> What to work on: You are asked to filter the data below and copy every line holding "Embroidered".

> Supplied records:
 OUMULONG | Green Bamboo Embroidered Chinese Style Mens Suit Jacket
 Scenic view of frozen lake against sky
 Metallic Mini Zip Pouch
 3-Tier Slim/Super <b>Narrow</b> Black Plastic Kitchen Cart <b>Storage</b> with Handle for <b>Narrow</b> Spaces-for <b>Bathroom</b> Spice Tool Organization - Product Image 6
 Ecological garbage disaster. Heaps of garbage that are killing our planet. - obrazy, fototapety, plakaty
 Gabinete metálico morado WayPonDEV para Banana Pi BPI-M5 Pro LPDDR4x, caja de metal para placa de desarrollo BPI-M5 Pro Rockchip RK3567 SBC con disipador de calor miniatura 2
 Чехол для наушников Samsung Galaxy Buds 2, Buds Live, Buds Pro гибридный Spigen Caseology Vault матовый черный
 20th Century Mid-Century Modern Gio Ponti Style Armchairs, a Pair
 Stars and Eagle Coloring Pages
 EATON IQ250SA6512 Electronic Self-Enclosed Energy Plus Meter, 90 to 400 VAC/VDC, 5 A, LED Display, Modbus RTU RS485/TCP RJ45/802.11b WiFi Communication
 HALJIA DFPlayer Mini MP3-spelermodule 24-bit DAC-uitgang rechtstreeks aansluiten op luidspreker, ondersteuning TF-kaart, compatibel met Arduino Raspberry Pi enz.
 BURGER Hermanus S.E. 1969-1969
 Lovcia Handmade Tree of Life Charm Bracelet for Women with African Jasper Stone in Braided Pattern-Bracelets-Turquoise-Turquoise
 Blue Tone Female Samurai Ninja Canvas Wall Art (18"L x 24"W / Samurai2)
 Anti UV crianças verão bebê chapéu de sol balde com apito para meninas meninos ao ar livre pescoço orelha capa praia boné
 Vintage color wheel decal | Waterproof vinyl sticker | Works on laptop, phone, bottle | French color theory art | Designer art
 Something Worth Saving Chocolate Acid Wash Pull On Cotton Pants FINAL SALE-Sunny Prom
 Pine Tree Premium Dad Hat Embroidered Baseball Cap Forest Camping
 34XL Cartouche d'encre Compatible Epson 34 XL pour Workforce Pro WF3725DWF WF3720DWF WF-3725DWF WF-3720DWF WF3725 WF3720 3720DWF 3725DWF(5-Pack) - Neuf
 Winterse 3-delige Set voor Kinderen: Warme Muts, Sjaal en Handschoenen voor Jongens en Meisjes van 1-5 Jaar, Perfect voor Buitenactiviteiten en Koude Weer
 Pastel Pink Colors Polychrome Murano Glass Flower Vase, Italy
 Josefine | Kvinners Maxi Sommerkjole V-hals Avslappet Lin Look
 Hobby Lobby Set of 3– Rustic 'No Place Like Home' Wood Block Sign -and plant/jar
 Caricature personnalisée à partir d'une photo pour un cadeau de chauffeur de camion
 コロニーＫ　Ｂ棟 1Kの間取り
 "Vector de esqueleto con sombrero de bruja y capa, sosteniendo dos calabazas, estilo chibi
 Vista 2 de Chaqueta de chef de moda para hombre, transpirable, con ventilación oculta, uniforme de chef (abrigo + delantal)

> Answer box:
 OUMULONG | Green Bamboo Embroidered Chinese Style Mens Suit Jacket
 Pine Tree Premium Dad Hat Embroidered Baseball Cap Forest Camping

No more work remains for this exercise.